Resonance Analysis of Fractional-Order Mathieu Oscillator

[+] Author and Article Information
Jiangchuan Niu

School of Mechanical Engineering,
Shijiazhuang Tiedao University,
Shijiazhuang 050043, China
e-mail: menjc@163.com

Hector Gutierrez

Department of Mechanical
& Aerospace Engineering,
Florida Institute of Technology,
Melbourne, FL 32901
e-mail: hgutier@fit.edu

Bin Ren

School of Mechanical Engineering,
Shijiazhuang Tiedao University,
Shijiazhuang 050043, China
e-mail: renbin@stdu.edu.cn

1Corresponding author.

Contributed by the Design Engineering Division of ASME for publication in the JOURNAL OF COMPUTATIONAL AND NONLINEAR DYNAMICS. Manuscript received November 20, 2017; final manuscript received March 1, 2018; published online March 23, 2018. Assoc. Editor: Zaihua Wang.

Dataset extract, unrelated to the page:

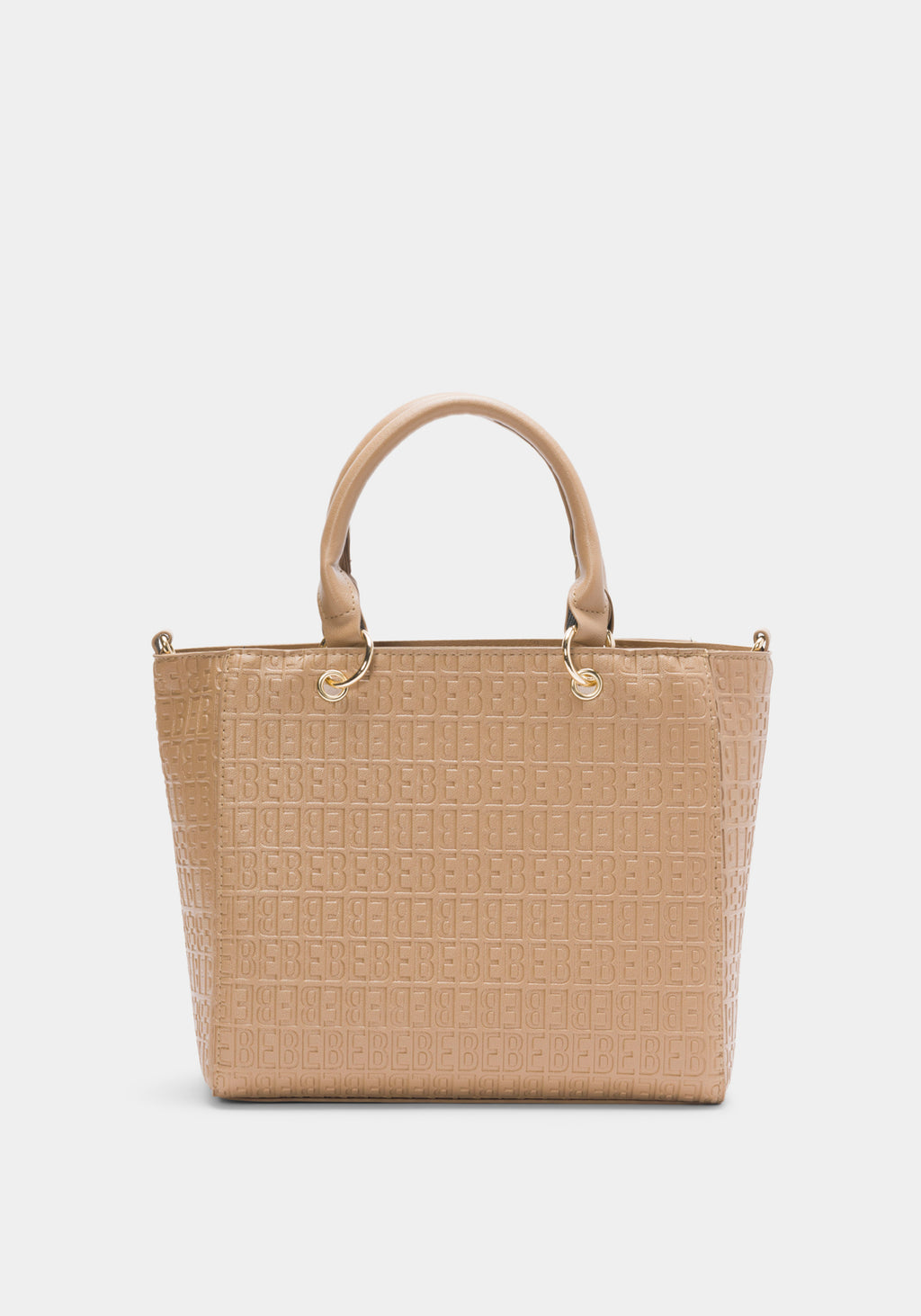 Celia Embossed Logo Satchel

J. Comput. Nonlinear Dynam 13(5), 051003 (Mar 23, 2018) (8 pages) Paper No: CND-17-1511; doi: 10.1115/1.4039580 History: Received November 20, 2017; Revised March 01, 2018

The resonant behavior of fractional-order Mathieu oscillator subjected to external harmonic excitation is investigated. Based on the harmonic balance (HB) method, the first-order approximate analytical solutions for primary resonance and parametric-forced joint resonance are obtained, and the higher-order approximate steady-state solution for parametric-forced joint resonance is also obtained, where the unified forms of the fractional-order term with fractional order between 0 and 2 are achieved. The correctness of the approximate analytical results is verified by numerical results. The effects of the fractional order and parametric excitation frequency on the resonance response of the system are analyzed in detail. The results show that the HB method is effective to analyze dynamic response in a fractional-order Mathieu system.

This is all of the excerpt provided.